TASK DETAILS |
The full set of entries is to be printed exactly, with pictures excluded.

(Short text fragments from websites)
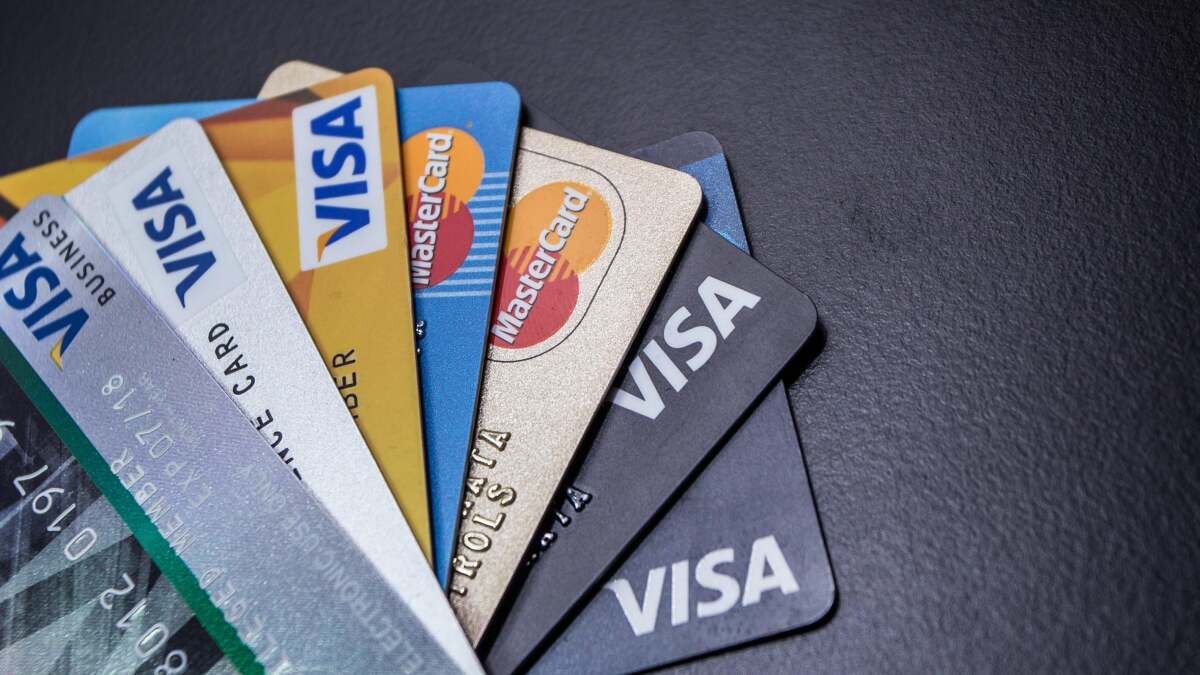 How To Manage Multiple Credit Cards Efficiently And Avoid Debt Mytour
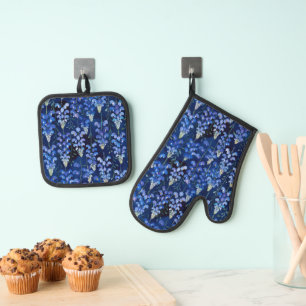 Texas Bluebonnets Blue Wild Flowers Pattern Oven Mitt & Pot Holder Set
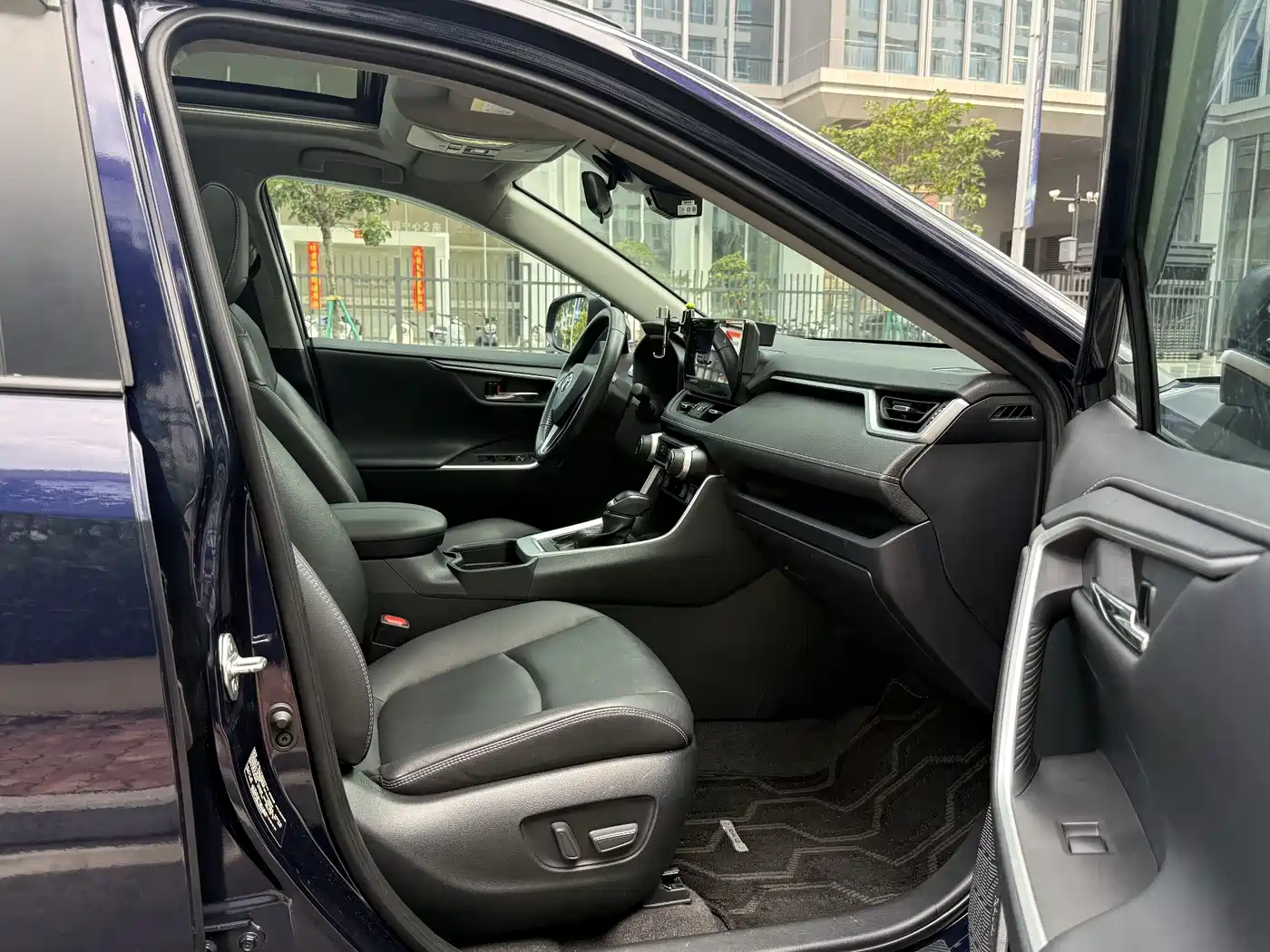 Toyota RAV4 Rongfang 2023 2.0L CVT FWD Style Plus Edition фото 17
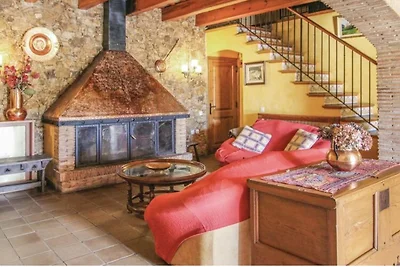 Villa mit Sonnenliegen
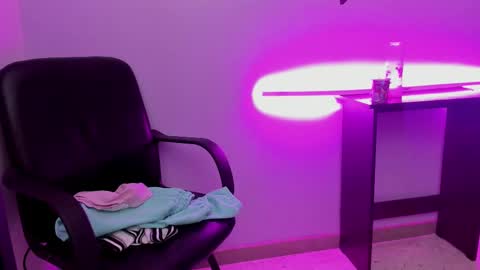 nathalya_summer online show from 03.01.25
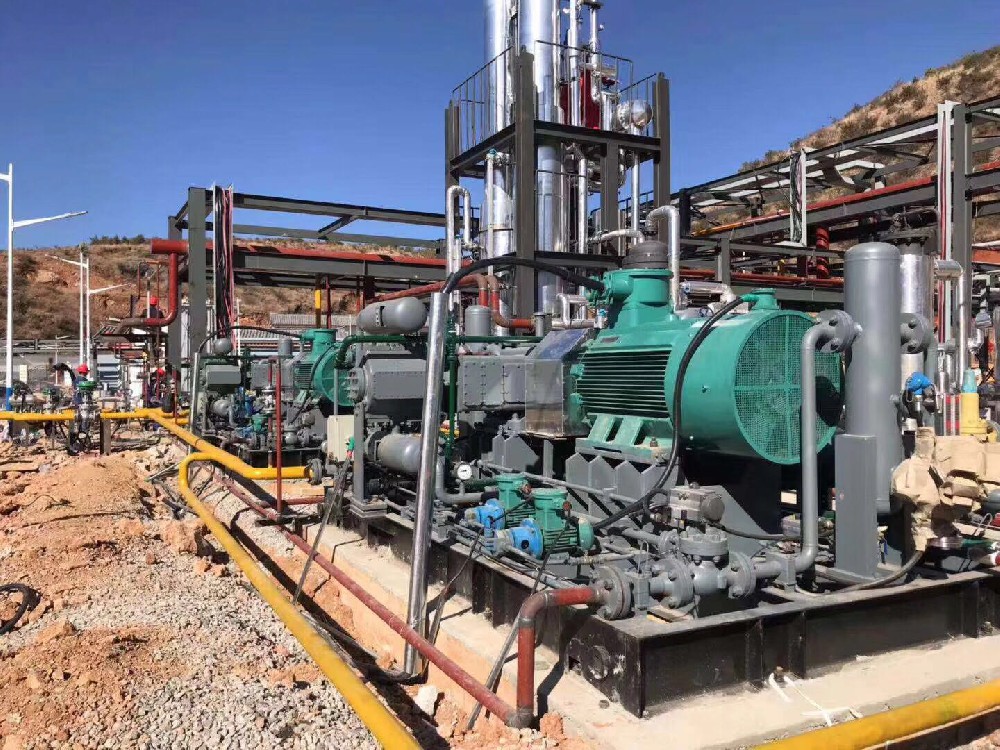 DW-2.8/16-50天然气压缩机用户现场图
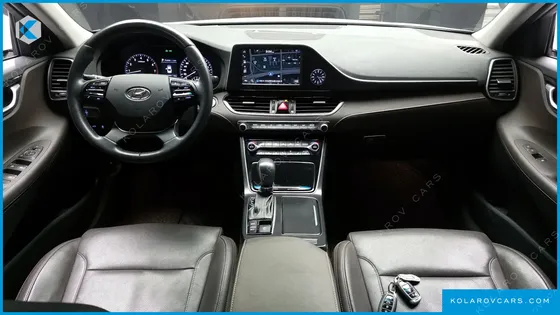 HYUNDAI GRANDEUR 3.0 LPI MODERN (RENTAL CAR)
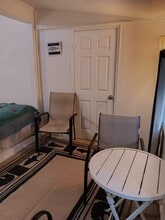 Building Photo - 1208 Alba St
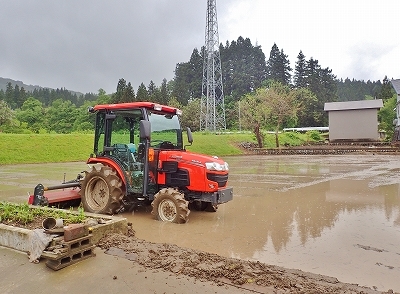 水路工事が終わって・・・田んぼ作業が出来ます_c0336902_20231086.jpg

ANSWER TO THE PROBLEM |
 How To Manage Multiple Credit Cards Efficiently And Avoid Debt Mytour
 Texas Bluebonnets Blue Wild Flowers Pattern Oven Mitt & Pot Holder Set
 Toyota RAV4 Rongfang 2023 2.0L CVT FWD Style Plus Edition фото 17
 Villa mit Sonnenliegen
 nathalya_summer online show from 03.01.25
 DW-2.8/16-50天然气压缩机用户现场图
 HYUNDAI GRANDEUR 3.0 LPI MODERN (RENTAL CAR)
 Building Photo - 1208 Alba St
 水路工事が終わって・・・田んぼ作業が出来ます_c0336902_20231086.jpg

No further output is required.